On Life, love and Politics

"Random musings about Life, love and Politics. Just my open diary on the events going on in the world as I see it."

Revisiting South Africa Xenophobia June 5, 2009

By
11 February  1991 with the release of  Nelson Mandela after 27 years of
imprisonment for challenging the apartheid regime in his country; 
south Africans saw the dawn of a new era which was believed to mark the
end to all senseless killings known by its western appellations as
xenophobia,
Before 11 February 1991, South Africa, which had lived
through a string of events considered to be discriminatory in nature,
saw blood spill as rival factions stood up against each other under the
white minority rule Hope for the future looked dashed as critics were
either killed or exiled from the country but one man though under
detention remained glued to his convictions that the old order will one
day give way.

Historians agree that the courage of the last south African
apartheid ruler, Frederick De Klerk ,in releasing Nelson Mandela from
jail was the biggest blow that forced the apartheid regime to collapse.

With
the new openness orchestrated by the collapse of the apartheid regime
and the first free and fair elections that ushered Mandela to power.
South Africa became a veritable destination for immigrants from all
over the world. The mass influx of these immigrants precipitated a wave
of spiral violence beyond inestimable proportion. The underlined reason
was the fight for scarce resources and the available jobs that locals
knew had to be theirs.

By the month of May 2008, long after the
fall of the apartheid regime, South Africans woke up to newspaper
reports of horrifying pictures of a man set ablaze by fellow human
beings. This definitely suggested a deep and fundamental failure of the
country’s moral compass as the killings and destructions later swept
across the country with devastating results.

From some South
African newspaper reports and expert views from the human sciences
research council in the hotspots of violence, four main indicators
account for the spill over. A lack of faith in the government’s
capacity to deliver services, unhappiness over migration policy that is
corrupt, unregulated and out of control, competition for housing and
jobs with a staggering unemployment rate among 16 to 30 year olds and
hardship arising from fuel and food prices.

People today accuse
the South African government to have failed to prepare the minds of its
subjects for the coming challenges of immigration.
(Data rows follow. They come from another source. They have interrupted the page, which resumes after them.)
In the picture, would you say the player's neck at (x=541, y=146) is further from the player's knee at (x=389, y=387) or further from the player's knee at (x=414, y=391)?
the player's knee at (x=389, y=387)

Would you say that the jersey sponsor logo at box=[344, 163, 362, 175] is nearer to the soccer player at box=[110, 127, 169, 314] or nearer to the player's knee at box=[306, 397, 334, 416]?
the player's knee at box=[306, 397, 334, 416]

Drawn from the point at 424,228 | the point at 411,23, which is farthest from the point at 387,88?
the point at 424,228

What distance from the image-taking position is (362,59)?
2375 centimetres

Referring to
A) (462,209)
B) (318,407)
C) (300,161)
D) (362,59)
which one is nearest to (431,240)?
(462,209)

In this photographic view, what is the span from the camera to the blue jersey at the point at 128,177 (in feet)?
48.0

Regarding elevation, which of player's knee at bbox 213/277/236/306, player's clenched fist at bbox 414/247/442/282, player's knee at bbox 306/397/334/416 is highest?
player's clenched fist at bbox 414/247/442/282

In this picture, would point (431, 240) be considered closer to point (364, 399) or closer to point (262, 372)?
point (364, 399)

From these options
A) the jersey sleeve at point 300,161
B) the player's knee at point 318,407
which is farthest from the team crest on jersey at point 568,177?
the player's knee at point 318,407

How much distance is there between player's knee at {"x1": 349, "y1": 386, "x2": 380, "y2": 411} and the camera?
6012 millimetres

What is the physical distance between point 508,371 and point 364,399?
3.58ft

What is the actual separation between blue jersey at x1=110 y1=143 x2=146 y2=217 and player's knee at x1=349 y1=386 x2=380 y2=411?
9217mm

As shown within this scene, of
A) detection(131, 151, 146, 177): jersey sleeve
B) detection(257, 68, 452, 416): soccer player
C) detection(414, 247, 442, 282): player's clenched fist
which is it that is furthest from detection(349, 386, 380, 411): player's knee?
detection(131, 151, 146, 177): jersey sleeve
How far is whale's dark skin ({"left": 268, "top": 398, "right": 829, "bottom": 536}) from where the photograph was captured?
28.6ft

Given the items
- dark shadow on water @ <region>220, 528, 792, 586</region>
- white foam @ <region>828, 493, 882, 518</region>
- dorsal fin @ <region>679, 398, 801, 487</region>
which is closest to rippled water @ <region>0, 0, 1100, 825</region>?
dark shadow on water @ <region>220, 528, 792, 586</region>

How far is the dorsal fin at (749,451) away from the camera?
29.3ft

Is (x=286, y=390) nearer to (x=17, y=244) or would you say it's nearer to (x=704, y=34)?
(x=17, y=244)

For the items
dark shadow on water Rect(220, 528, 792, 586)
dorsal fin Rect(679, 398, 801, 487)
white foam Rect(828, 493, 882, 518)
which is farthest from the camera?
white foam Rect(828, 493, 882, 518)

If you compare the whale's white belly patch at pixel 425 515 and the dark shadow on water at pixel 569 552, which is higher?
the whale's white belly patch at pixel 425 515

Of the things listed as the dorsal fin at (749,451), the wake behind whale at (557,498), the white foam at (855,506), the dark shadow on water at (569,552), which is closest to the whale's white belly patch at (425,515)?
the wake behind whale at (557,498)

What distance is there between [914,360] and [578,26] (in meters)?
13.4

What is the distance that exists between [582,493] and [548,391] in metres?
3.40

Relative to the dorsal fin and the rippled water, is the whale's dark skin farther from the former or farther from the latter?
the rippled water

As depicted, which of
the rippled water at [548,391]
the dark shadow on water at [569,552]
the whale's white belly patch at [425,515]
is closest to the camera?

The government
argues that the problem of a democratic South Africa having the
potential to be Africa’s engine for growth and development and
therefore a magnet for people seeking jobs and opportunities was seen.

In
1996, Prince Mangosuthu Buthelezi, the first democratically elected
minister for home affairs put in place a four man team headed by 
James  Wilnot to come out with a green paper  on immigration by may
1997. The white paper turned out to be a reasonable document widely
appreciated by all. It later gave birth to immigration act of 2002
which saw the creation of a specialist unit called the Immigration
Advisory Board, IAB.

The IAB took off ready to implement the
works of the white paper and gathered around her highly qualified
members. But not too long, the IAB was at variance with some ministers
and the lofty programmes were abandoned.  South Africans were then
muscled against the immigrant and refugee population and it exploded
into xenophobia.

That notwithstanding, the South African
government believes in the laws of the land as it states in one of the
articles of the constitution…”no one, whether in this country,
legally or not can be deprived of his or her basic or fundamental
rights and cannot be treated as less human. The fact of being an alien
or being without legal status does that mean that one is fair game to
all manner of exploitation or violence or to criminal, arbitrary or
inhuman treatment. Foreigners in our midst are entitled to the support
and defense of our law and constitution.